## How to complete this task
Wherever the line that contains "(HD1080P)(モナッー" falls, repeat it and the lines after it exactly until the records end, without any pictures.

## Records for this task

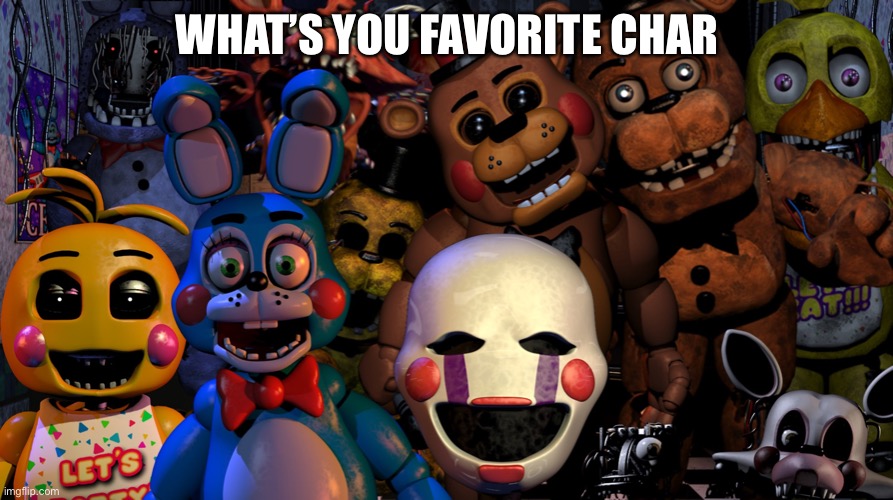 What’s your favorite character type in the comments | WHAT’S YOU FAVORITE CHARACTER | image tagged in fnaf | made w/ Imgflip meme maker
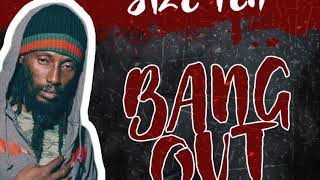 Size 10 - Bang Out - Grand Market Riddim December 2017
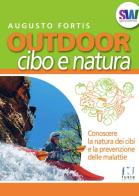 Outdoor. Cibo e natura. Conoscere la natura dei cibi e la prevenzione delle malattie di Augusto Fortis edito da Fusta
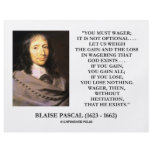 Blaise Pascal Gain Loss Wagering God Exists Quote Custom Flyer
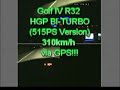 Golf R32 HGP BI-TURBO 515 PS Version @310 km/h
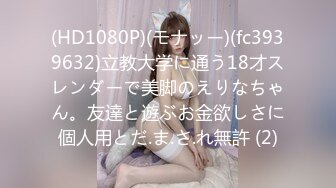 (HD1080P)(モナッー)(fc3939632)立教大学に通う18才スレンダーで美脚のえりなちゃん。友達と遊ぶお金欲しさに個人用とだ.ま.さ.れ無許 (2)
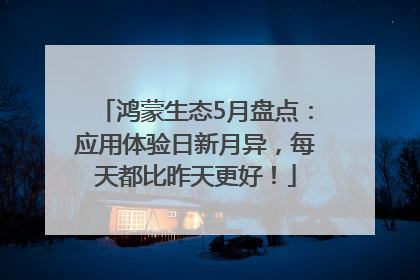 鸿蒙生态5月盘点：应用体验日新月异，每天都比昨天更好！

## The answer
 (HD1080P)(モナッー)(fc3939632)立教大学に通う18才スレンダーで美脚のえりなちゃん。友達と遊ぶお金欲しさに個人用とだ.ま.さ.れ無許 (2)
 鸿蒙生态5月盘点：应用体验日新月异，每天都比昨天更好！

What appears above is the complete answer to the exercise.